Figure 9 Basic Vibration
In general, the transducers
employed in vibration analyses convert mechanical energy into electrical energy; that is,
they produce an electrical signal which is a function of mechanical vibration. In the
following section, both velocity pickups and accelerometers mounted or attached to the
vibrating surface will be studied.
(a) Velocity Pickups
The electrical output signal of a
velocity pickup is proportional to the velocity of the vibrating mechanism. Since the
velocity of a vibrating mechanism is cyclic in nature, the sensitivity of the pickup is
expressed in peak milli-volts/cm/s and thus is a measure of the voltage produced at the
point of maximum velocity. The devices have very low natural frequencies and are designed
to measure vibration frequencies that are greater than the natural frequency of the
Velocity pickups can be mounted in a
number of ways; for example, they can be stud-mounted or held magnetically to the
vibrating surface. However, the mounting technique can vastly affect the pickup's
performance. For example, the stud-mounting technique shown in Figure 10(a), in which the
pickup is mounted flush with the surface and silicone grease is applied to the contact
surfaces, is a good reliable method. The magnetically mounted pick-up, as shown in Figure
10(b), on the other hand, in general has a smaller usable frequency range than the
stud-mounted pickup. In addition, it is important to note that the magnetic mount, which
has both mass and spring like properties, is located between the velocity pickup and the
vibrating surface and thus will affect the measurements.
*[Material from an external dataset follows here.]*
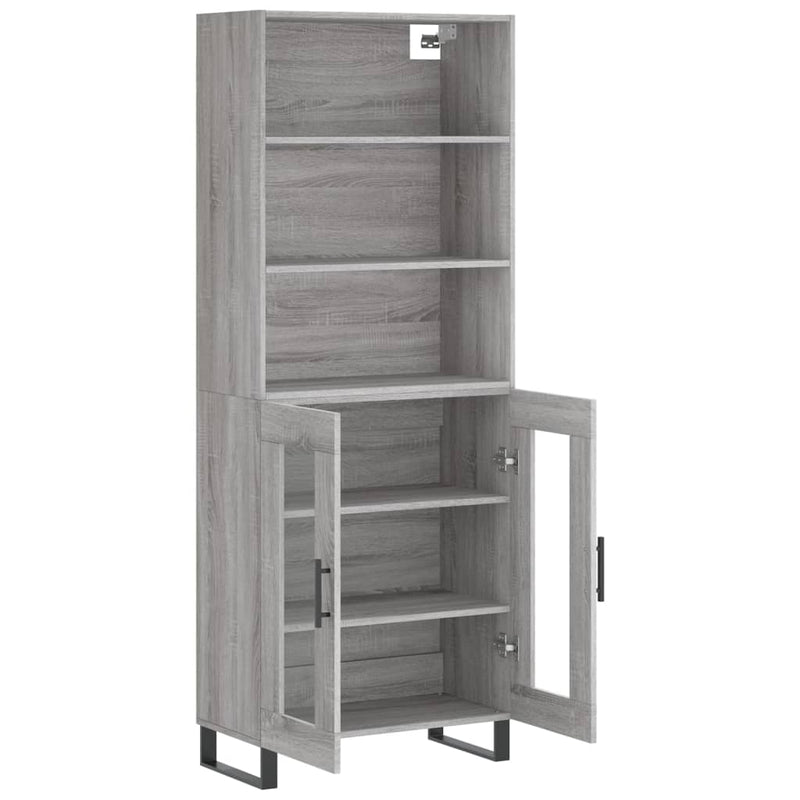 Highboard Grau Sonoma 69,5x34x180 cm Holzwerkstoff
This mounting technique is
viable, but caution must be employed when it is used.
Figure 10 Two Transducer Mounting
(a) Stud-Mount Pickup; (b) Magnetically
Held Velocity Pickup
The velocity pickup is a
useful transducer because it is sensitive and yet rugged enough to withstand extreme
industrial environments. In addition, velocity is perhaps the most frequently employed
measure of vibration severity. However, the device is relatively large and bulky, is
adversely affected by magnetic fields generated by large ac machines or ac current
carrying cables, and has somewhat limited amplitude and frequency characteristic.
The accelerometer generates an output
signal that is proportional to the acceleration of the vibrating mechanism. This device
is, perhaps, preferred over the velocity pickup, for a number of reasons. For example,
accelerometers have good sensitivity characteristics and a wide useful frequency range;
they are small in size and light in weight and thus are capable of measuring the vibration
at a specific point without, in general, loading the vibrating structure. In addition, the
devices can be used easily with electronic integrating networks to obtain a voltage
proportional to velocity or displacement. However, the accelerometer mounting, the
interconnection cable, and the instrumentation connections are critical factors in
measurements employing an accelerometer. The general comments made earlier concerning the
mounting of a velocity pickup also apply to accelerometers.
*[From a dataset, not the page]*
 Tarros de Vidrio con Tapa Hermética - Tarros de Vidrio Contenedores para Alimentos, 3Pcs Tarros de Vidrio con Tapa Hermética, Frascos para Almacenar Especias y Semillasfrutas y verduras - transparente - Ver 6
Some additional suggestions for
eliminating measurement errors when employing accelerometers for vibration measurements
are shown in Figure 11. Note that the accelerometer mounting employs an isolation stud and
an isolation washer. This is done so that the measurement system can be grounded at only
one point, preferably at the analyzer. An additional ground at the accelerometer will
provide a closed (ground) loop which may induce a noise signal that affects the
accelerometer output. The sealing compound applied at the cable entry into the
accelerometer protects the system from errors caused by moisture.
Figure 11 Mounting
Technique for Eliminating Selected Measurement Errors
The cable itself should be glued or
strapped to the vibrating mechanism immediately upon leaving the accelerometer, and the
other end of the cable, which is connected to the preamplifier, should leave the mechanism
under test at a point of minimum vibration. This procedure will eliminate or at least
minimize cable noise caused by dynamic bending, compression, or tension in the cable.
The second element in the
vibration measurement system is the preamplifier. This device, which may consist of one or
more stages, serves two very useful purposes: it amplifies the vibration pickup signal,
which is in general very weak, and it acts as an impedance transformer or isolation device
between the vibration pickup and the processing and display equipment.
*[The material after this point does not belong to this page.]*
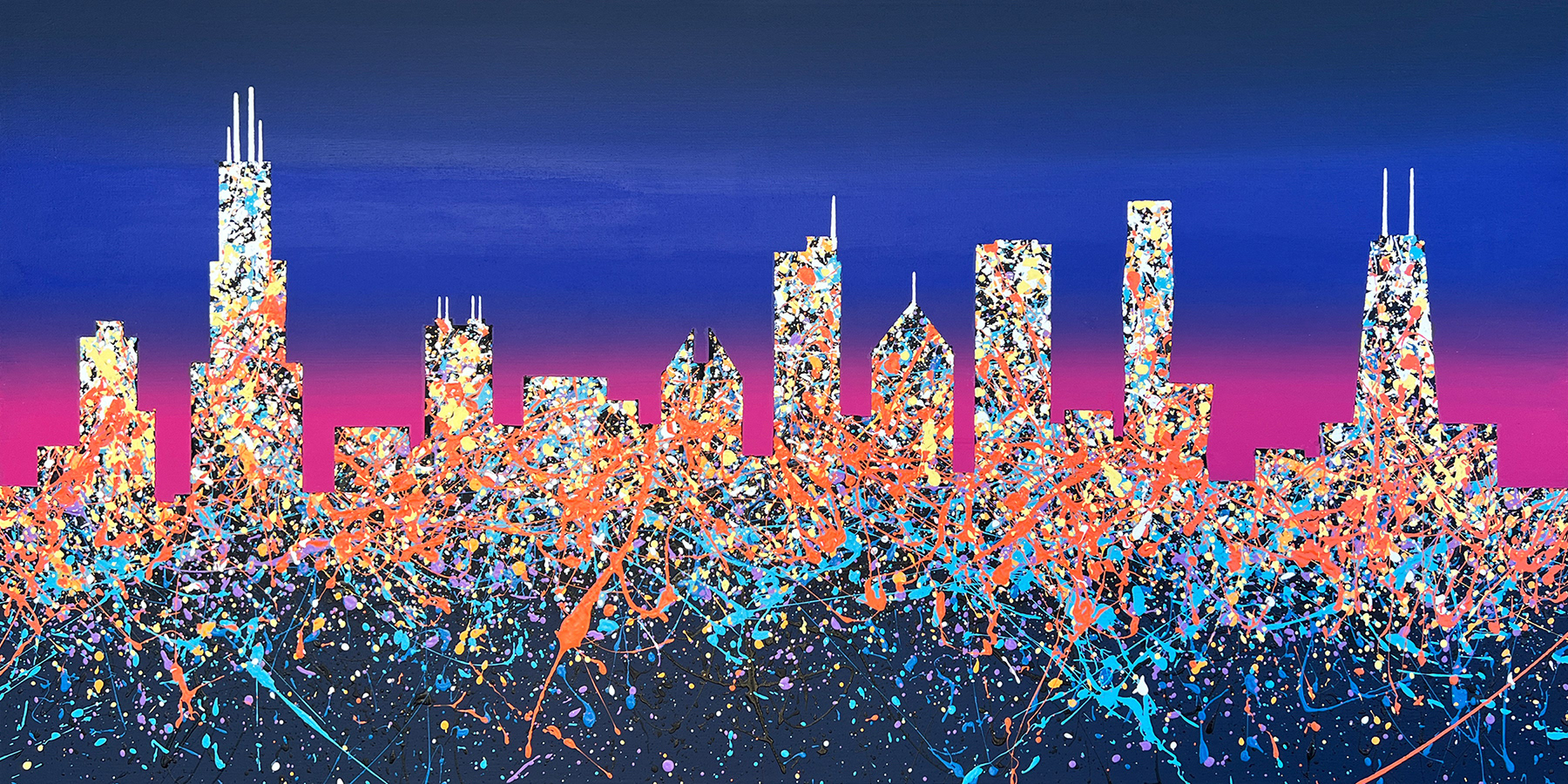 "Chicago Dusk 2" - 24" x 48"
Recall that the manufacturer provides
both charge and voltage sensitivities for accelerometers. Likewise, the preamplifier may
be designed as a voltage amplifier in which the output voltage is proportional to the
input voltage, or a charge amplifier in which the output voltage is proportional to the
input charge. The difference between these two types of preamplifiers is important for a
number of reasons. For example, changes in cable length (i.e., cable capacitance) between
the accelerometer and preamplifier are negligible when a charge amplifier is employed.
When a voltage amplifier is used however, the system is very sensitive to changes in cable
capacitance. In addition, because the input resistance of a voltage amplifier cannot in
general be neglected, the very low frequency response of the system may be affected.
Voltage amplifiers, on the other hand, are often less expensive and more reliable because
they contain fewer components and thus are easier to construct.
(iii) Processing and display
The instruments used for the
processing and display of vibration data are, with minor modifications, the same as those
described earlier for noise analyses. The processing equipment is typically some type of
spectrum analyzer. The analyzer may range from a very simple device which yields, for
example, the rms value of the vibration displacement, to one that yields an essentially
instantaneous analysis of the entire vibration frequency spectrum. As discussed earlier,
these analyzers, which are perhaps the most valuable tool in a vibration study, are
typically either a constant-bandwidth or constant-percentage-bandwidth type of device.
They normally come equipped with some form of graphical display, such as a cathode ray
tube, which provides detailed frequency data.